Most of its 500 campers are what the director calls "the prototypical continuity target" — children from interfaith families or homes with minimal active Jewish connection.

There is no formal Jewish instruction, said Jordan Dale in an interview at the idyllic site an hour’s drive north of New York City.

"Our philosophy is if they have a good time, they’ll have a positive association" with Judaism.

"We’re looking to turn them on to who they are."

With almost 14 summers under his belt, Dale has infused the camp with Jewish programming with the help of two Jewish resource specialists.

Former campers say there is more Jewish singing in the dining halls, more Hebrew terminology and more ruach, Hebrew for spirit.

There are also weekly limud, or learning sessions, on Saturday afternoons, when campers discuss contemporary issues from a Jewish perspective, and Teva programs, in which campers explore Judaism’s connection to nature.

But "we’ve always had problems in the past — how can one person run an oneg" or Friday evening Sabbath reception "for 250 people?" Dale said.

This year, a grant from the Jewish camping foundation helped him recruit eight additional counselors with Jewish educational and professional experience to work primarily on improving Jewish content.

Sean Zam, a former camper and camp counselor who is entering his sophomore year at Penn State, was considering a professional internship to propel his business career.

Instead, he was convinced to return to Surprise Lake by the salary bonuses Jewish program staff receive — up to $500 over the base salaries that run between $1,200 and $1,900, depending on experience.

Money aside, Zam is committed to turning up the Jewish volume of camp.
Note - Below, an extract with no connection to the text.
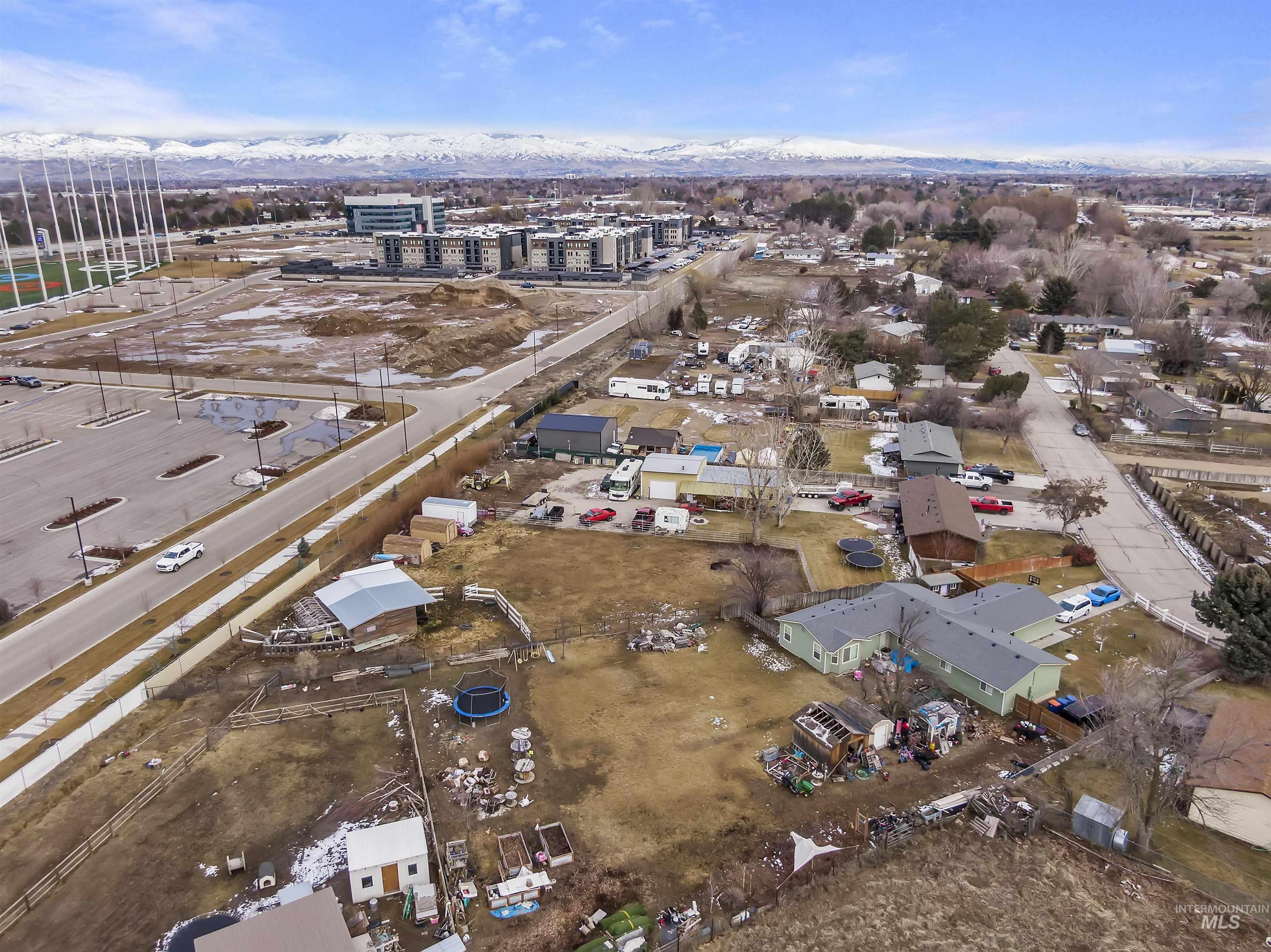 3730 Onyx, Meridian, Idaho 83642-6716, Land For Sale, Price $999,000, 98935961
He leads the more traditional prayer service on Shabbat and tutors kids for their bar and bat mitzvahs — some of which take place at the camp.

But he thinks what the kids will remember most is having fun.

Lately he’s been "fooling kids" by reading them Torah portions as bedtime stories — they think it’s "cool" — and having the campers count off in Hebrew.

He takes some ribbing form his fellow counselors for being "the Jewish kid," but, he said, "I think it’s rubbing off on them."